Because only 2 (= f+1) matching replies are required to convince a client of a result, even if the fault assumption is again met because one faulty replica is repaired, the remaining one faulty replica will always be able to corroborate r₀'s view of the world to some clients and r₃'s view of the world to other clients, keeping up the charade indefinitely. Crash-fault tolerant replicated state machines based on the Paxos [32] protocol do not deal with Byzantine faults explicitly (i.e., assume a Byzantine-fault threshold of 0) and they can have similar problems if a Byzantine fault crops up rarely and briefly.

Though not general for all possible replicated state machine protocols, this illustration serves to demonstrate the common trend: once the fault assumption is violated (the same as a threshold breach in traditional BFT protocols) the system cannot offer its correctness guarantees again, even if the fault assumption is later restored.

The fault bound in the original PBFT protocol applies over the lifetime of the system, assuming that once a replica becomes faulty it does not recover. PBFT's authors devised PBFT-PR, an enhanced protocol with some hardware support that attempts to repair faulty replicas. As a result, PBFT reduces the length of the vulnerability window of the system during which the fault bound might be breached; even though more than f faults may occur during the lifetime of the system, as long as faults are repaired frequently enough so that no more than f faults are ever simultaneously present, the system maintains its guarantees.

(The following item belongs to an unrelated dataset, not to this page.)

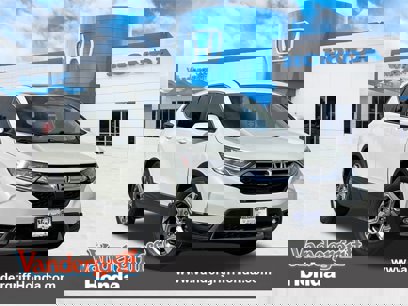 Certified 2017 Honda CR-V EX-L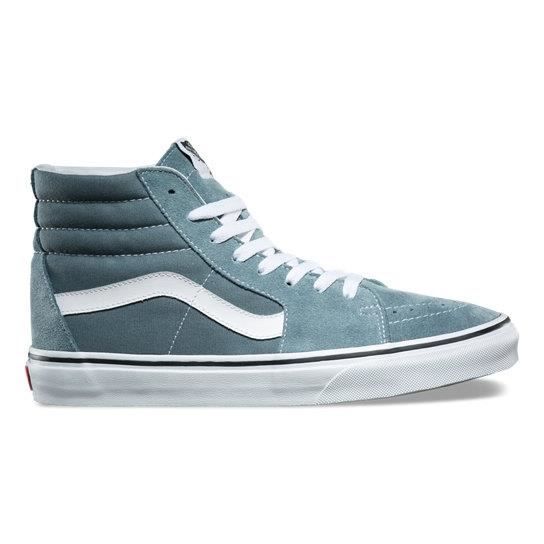 Vans hi Goblin A38ge2lj white Sk8 Baskets Chaussures Blue PUwxPdZ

PBFT-PR achieves this repair using proactive recovery [14]: a hardware watchdog on every replica periodically reboots it with a fresh software installation from a read-only medium (e.g., a CD-ROM), flushing any runtime code damage caused since the last reboot. Upon reboot, the protocol cleans up the service state before it goes back into regular operation. Now the window of vulnerability² is the period of time between two successive, successful proactive recovery phases across the replica population, which is much shorter than the lifetime of the system. However, if the f fault bound is violated within a vulnerability window, the protocol fails once again.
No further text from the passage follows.